As more and more writers, directors and actors head to Netflix, Will Ferrell has decided to join them taking up writing and producing duties for “Eurovision”.
Now, the word Eurovision, has mixed connotations for a lot of people in Europe, and now strangely Australia. For some, the Eurovision Song Contest, the longest running annual international TV song competition, is an absolute joy.
People throw Eurovision parties, some travel thousands of miles to attend the contest in whichever country previously won, some attend huge gatherings in their native countries.
For others however, Eurovision evening is an excuse to do anything other than watch TV. For many years in the UK the broadcast was commentated on by the late Sir Terry Wogan who, I think it’s fair to say, did so with a huge amount of incredulity and sarcasm at some of the more bizarre entrants from countries.
Then there is the voting system, which for many years, was done by secretive panels in the respective countries, and is the most political thing you’ll ever witness. Which is why a country like the UK hasn’t won it since 1997 (with Katrina And The Waves if you’re interested), despite most of the money for the production coming from the UK’s British Broadcasting Corporation (BBC) (that and some of the entrants haven’t been great I imagine).

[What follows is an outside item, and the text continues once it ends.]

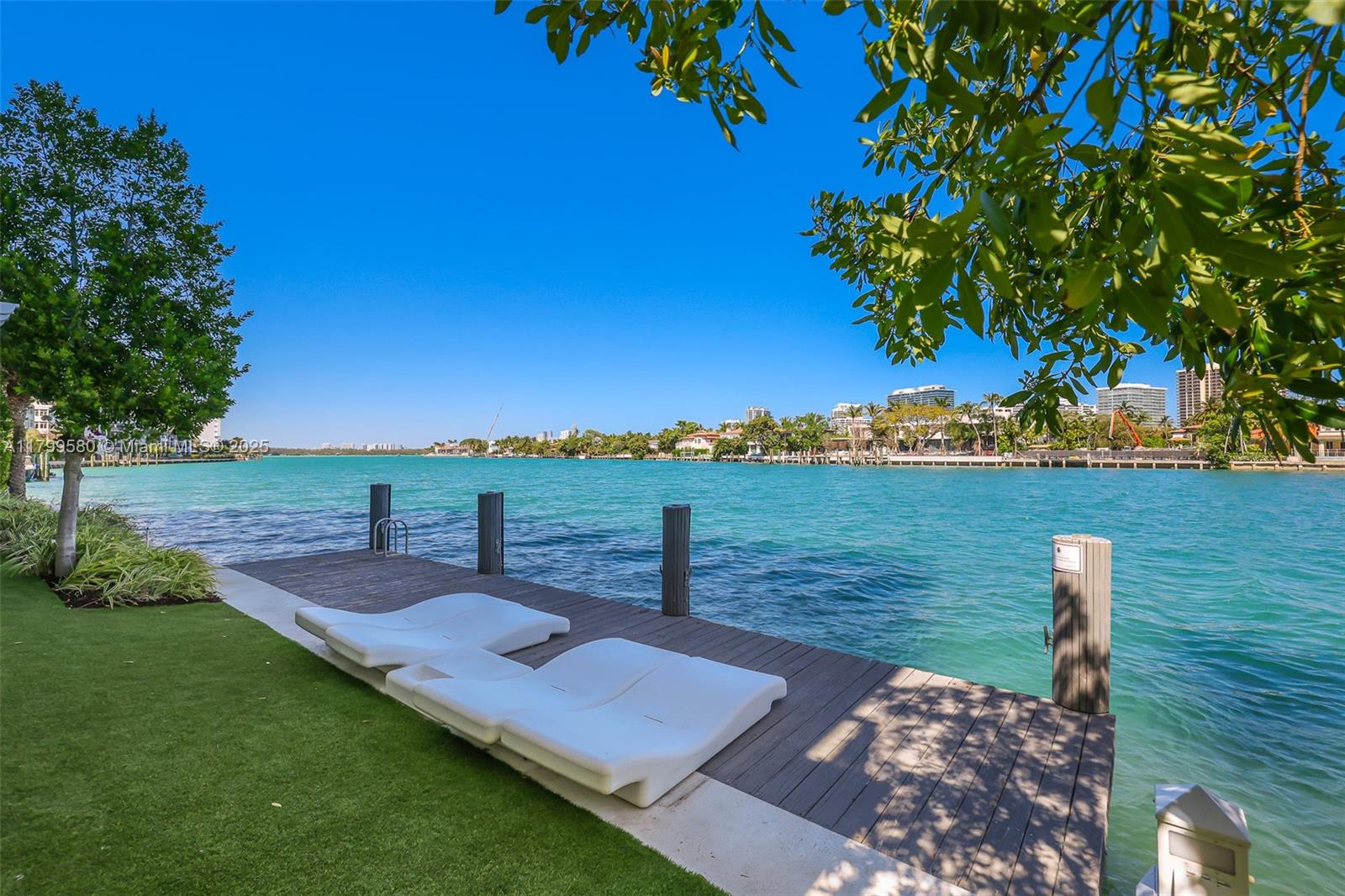 BAY HARBOUR ISLAND - Residential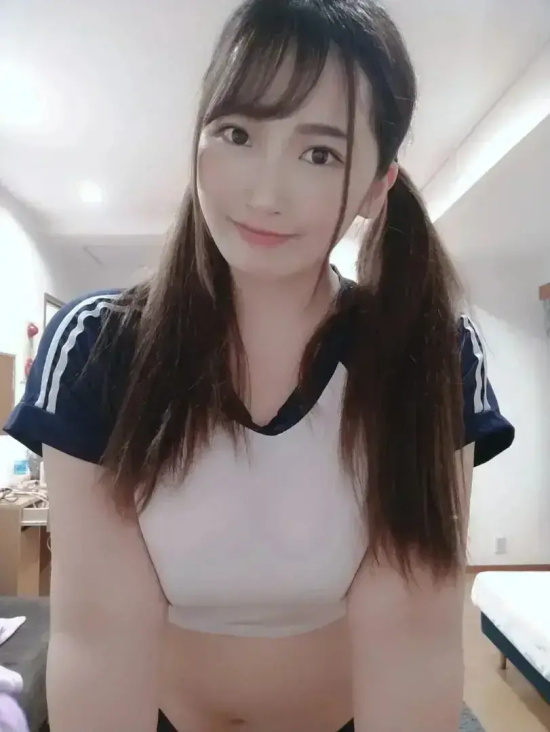 双鱼座女艺人美园和花美图分享，真少女战士！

It is not a stretch to say that, for many around the world, they simply couldn’t care less about Eurovision with many purely watching it for a reason to live tweet their sarcasm and poke fun at the various entrants.
It’s not a surprise that someone wants to write a film about this bizarre spectacle, perhaps what is surprising is that it’s a bunch of Americans who have decided to have a go. Even more so that it’s the less than subtle Will Ferrell writing alongside Andrew Steele whose previous credits don’t fill you with hope for “Eurovision” seeing as he wrote “Casa de mi Padre”.
Directing duties will go to David Dobkin who directs a lot of Maroon 5 videos, for some reason, as well as bringing us “The Wedding Crashers”, “Fred Claus” and “The Judge”. The man who wrote Vice and The Big Short, Adam McKay, will act as executive producer.
Ferrell may be well loved in America, still regularly appearing on Saturday Night Live, but the rest of the world have to contend with output such as “Holmes And Watson” or “Daddy’s Home”.
Personally, I’m not holding my breath for “Eurovision” to be anything other than eye-rollingly bad, as a man in his fifties does more fart and nob gags with painful slapstick. Still, I’m more than happy to be proved wrong.